Nous voici donc à un tournant du quinquennat avec l’installation d’un étrange rapport de force : il n’y a plus de majorité pour soutenir les grandes réformes structurantes dont la France a besoin et que réclament ses partenaires, et il n’y en a pas contre non plus. Une sorte de nouveau ni-ni. Cela ne menace pas directement la survie du gouvernement : il peut parfaitement tenir en maniant l’arme du « 49.3 ». Mais cette pratique du coup de force permanent a des limites, si bien que le pouvoir sera naturellement enclin à s’autocensurer dans son action réformatrice pour éviter autant que possible de provoquer de nouveaux conflits.
En moins de trois ans d’exercice du pouvoir, François Hollande a perdu le soutien du Parti communiste, celui du Parti de gauche, puis celui des Verts d’EELV, et maintenant celui de la partie activiste de son propre parti. Pas de majorité, pas de chef non plus pour la diriger : Manuel Valls, celui qui, pour faire bouger la France, promettait de secouer le plus sa famille politique, est désormais contesté dans son rôle naturel de leader de la majorité. Même le Premier secrétaire du PS, Jean-Christophe Cambadélis, le soutient du bout des doigts, avec ce qu’il faut d’ambiguïté pour le fragiliser.

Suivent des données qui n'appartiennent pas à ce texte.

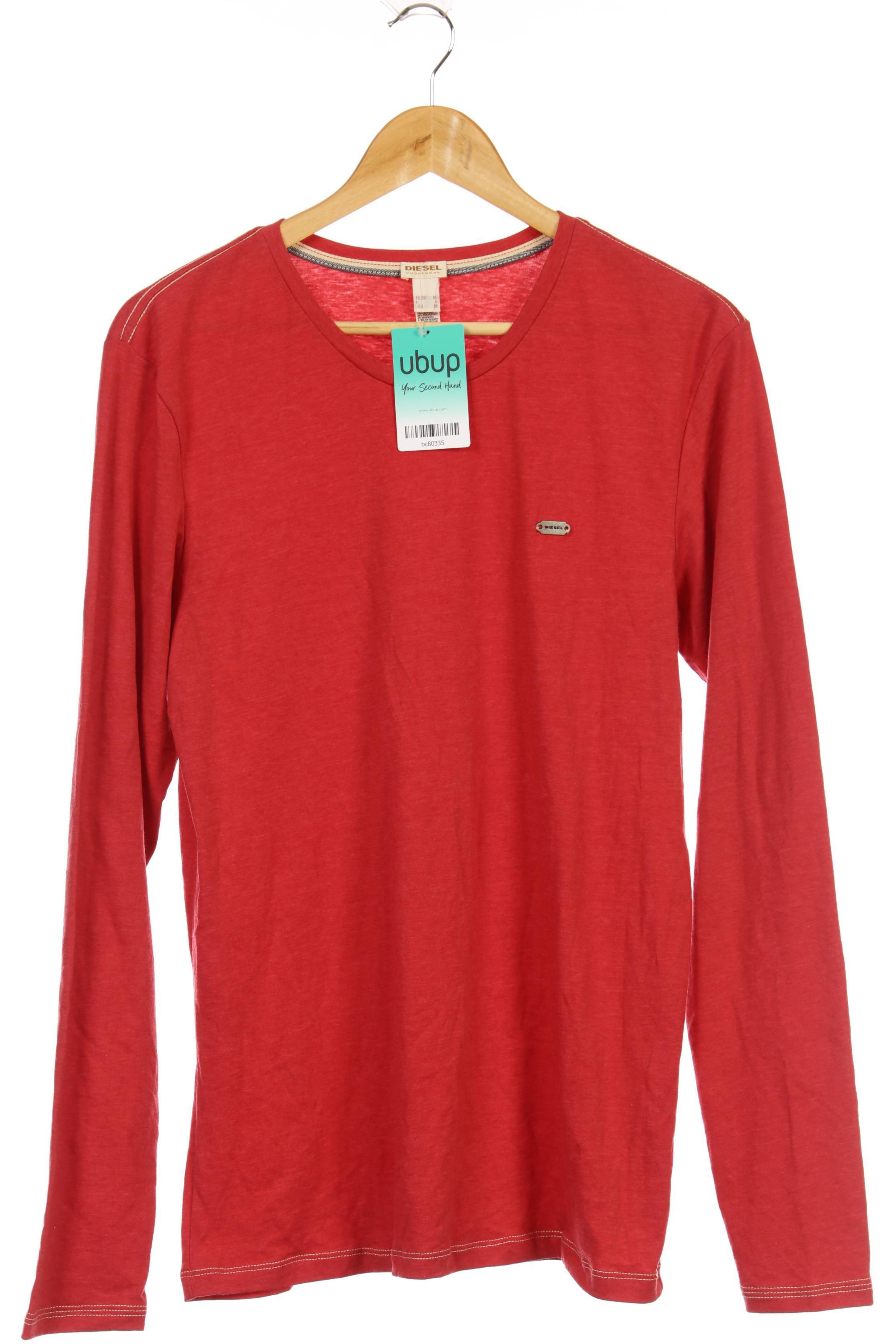 

Diesel Herren Langarmshirt, rot, Gr.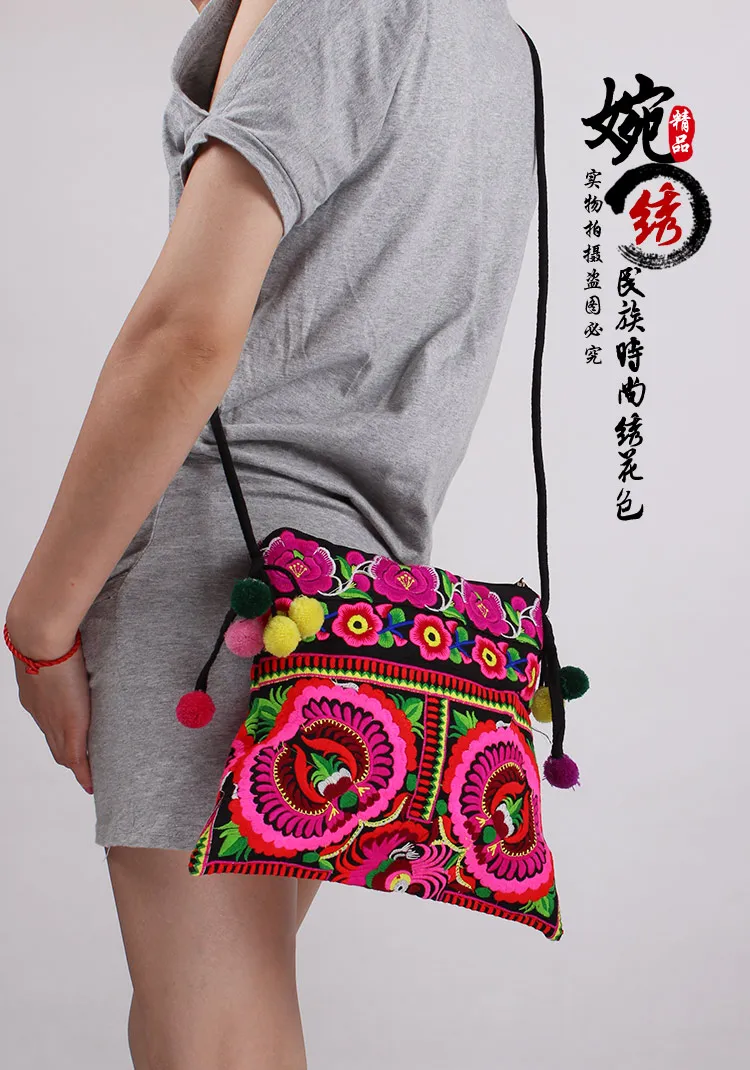 Free Shipping ! Embroidered bags vintage national trend double faced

Tout cela rend dorénavant le travail gouvernemental à peu près impossible, sauf à pratiquer la politique de l’eau tiède. Alors qu’un soupçon de croissance semble revenir de l’extérieur, alors qu’il reste d’immenses réformes à mener pour sortir la France du cycle dépenses publiques-impôts-chômage, c’est l’assurance d’une terrible perte de temps.